4 What is new
Compared to the the previous major release (1.3.0 release Aug 1998)
1.4.0 is not functionally so different from its previous versions.
This release is primarily a consolidation release fixing and tidying
up some of the lower level aspects of the system to allow better
modularity for some of our future planned modules.
- Copyright change:
The system is now free and has no commercial restriction. Note that
currently on the US voices (ked and kal) are also now unrestricted. The
UK English voices depend on the Oxford Advanced Learners’ Dictionary of
Current English which cannot be used for commercial use without
permission from Oxford University Press.
- Architecture tidy up:
the interfaces to lower level part parts of the system have been tidied
up deleting some of the older code that was supported for
compatibility reasons.
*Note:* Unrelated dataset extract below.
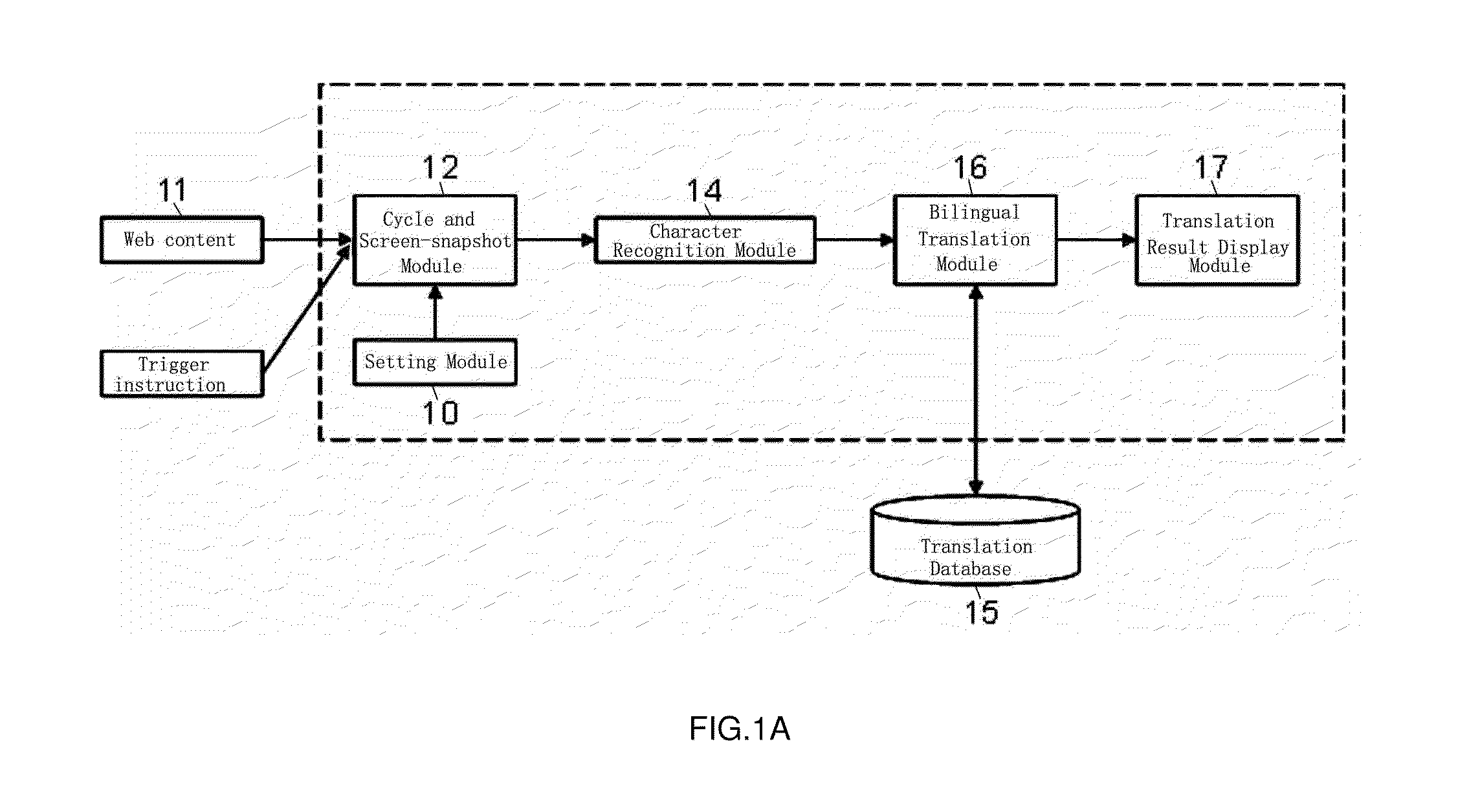 System and method of online user-cycled web page vision instant machine translation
This is a much higher dependence of features
and easier (and safer) ways to register new objects as feature values
and Scheme objects. Scheme has been tidied up. It is no longer
"in one defun" but "in one directory".
- New documentation system for speech tools:
A new docbook based documentation system has been added to the
speech tools. Festival’s documentation will will move
over to this sometime soon too.
- initial JSAPI support: both JSAPI and JSML (somewhat
similar to Sable) now have initial impelementations. They of course
depend on Java support which so far we have only (successfully)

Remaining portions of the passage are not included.